Desde Angelo Panebianco la literatura encomiástica sobre partidos políticos anda ya en desuso. Un diagnóstico a propósito de su recorrido funcional y estructural ha puesto de manifiesto que el presunto romanticismo de las causas dio paso a la tozudez del afloramiento permanente del poder como leit motiv dentro de esas organizaciones. Los partidos, pues, los que fueron como clubes de élite, y los partidos máquina de masas o para la captación, dominio y conducción de las masas, los de clase o los virtuales, los ambiguos o los ideológicos, los temporales y los de estilo movimientista ya hace tiempo que no ocultan lo que son: instrumentos para alcanzar el poder, para mantenerlo y, si es posible, no compartirlo con otros.
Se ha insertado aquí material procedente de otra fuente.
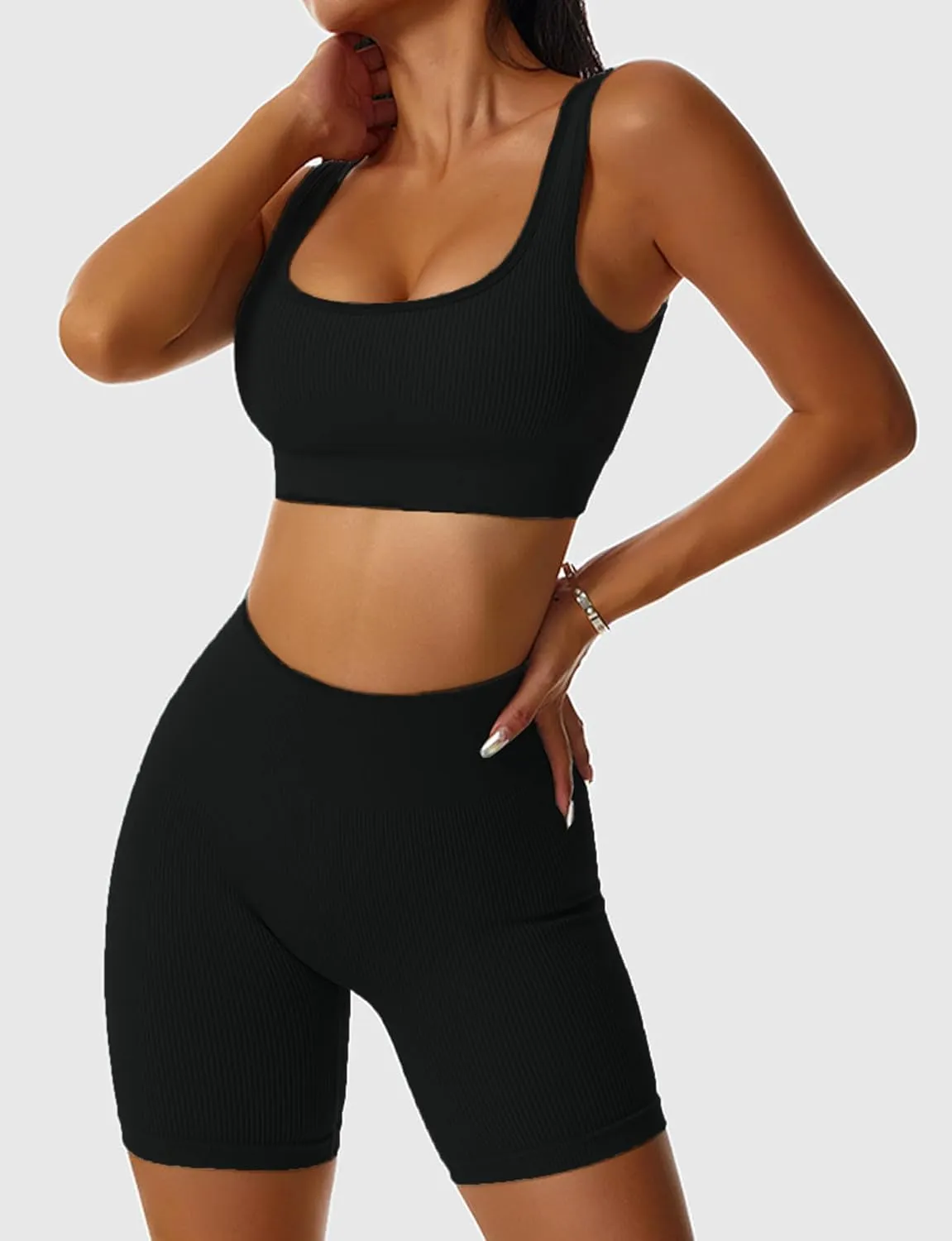 Workout Sets for Women Two Piece Sets for Women Summer Seamless Ribbed High Waist Leggings with Sports Bra Gym Sets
Por eso, si a las distancias que los partidos marcaron con movimientos reivindicativos -sindicatos-, con ideologías, y hasta con sus tradiciones metamorfoseándose en sus propios acomodos les faltaba algo, vino el acuerdo de los founding parties para establecer más restricciones mediante sofisticados o directos instrumentos: las cláusulas de exclusión ideológica y las de exclusión electoral. La primera la patentaron en democracia los alemanes en su posguerra (ni nazis ni comunistas podrían actuar dentro de la legalidad), la segunda, adquirió mayor éxito, y se entronizó en buena parte de los países que adoptaron sistemas electorales de carácter proporcional. Con una se criminalizaba ideas y se ofrecía un precedente para uso de imitadores, con la otra, se confiscaba la renta electoral de los pequeños en favor de los grandes al tiempo que se les disuadía de concurrir inútilmente a las elecciones.

De la segunda está servida España. Incluso en municipios donde vendría bien que las minorías saliesen de la algarada y el underground, la cláusula de exclusión las estigmatiza para que continúen en la cuneta de los sin apenas voz y sin voto. Esa fórmula excluyente incrustada en la débil democracia española por los grandes se va a ver ahora acrecida con otra, vía Ley de Partidos, hecha también a su medida que con el encomiable pretexto de atacar, entorpecer y liquidar legítimamente las actividades de aquellos militantes de las diversas organizaciones partidarias o de tipo movimiento de Batasuna que cometen delitos de terrorismo se ha sellado un pacto donde algunos derechos de que disfrutan ellos les serán directamente negados a otros.

Ni los retoques de última hora pactados por PP y PSOE permiten alejar de la ley la sospecha de que en su celo legítimo por erradicar el terrorismo -que nadie puede poner en duda- el macro-partido PP-PSOE invade el Estado de Derecho, tergiversa los principios más elementales del Derecho Penal, se olvida de que los delitos -también los de terrorismo- los cometen personas, individualmente o en comandita, asociándose o precisando acciones u omisiones de quienes son necesarios para lo primero o responsables de lo segundo, y que las siglas, en tanto que marca, no son reo de delito, aunque den como argumento que se persigue castigar la actividad delictiva y no la mera suspensión de un partido. La renuncia final a pisotear el principio de irretroactividad en la ley no empece para que el mantenimiento de fórmulas donde se apela al fraude de ley como argumento suenen a eufemismo que bordea la irretroactividad, y la traslación del Parlamento al Gobierno de la auténtica iniciativa para la ilegalización no deja de ser un formalismo que alimenta su buena conciencia.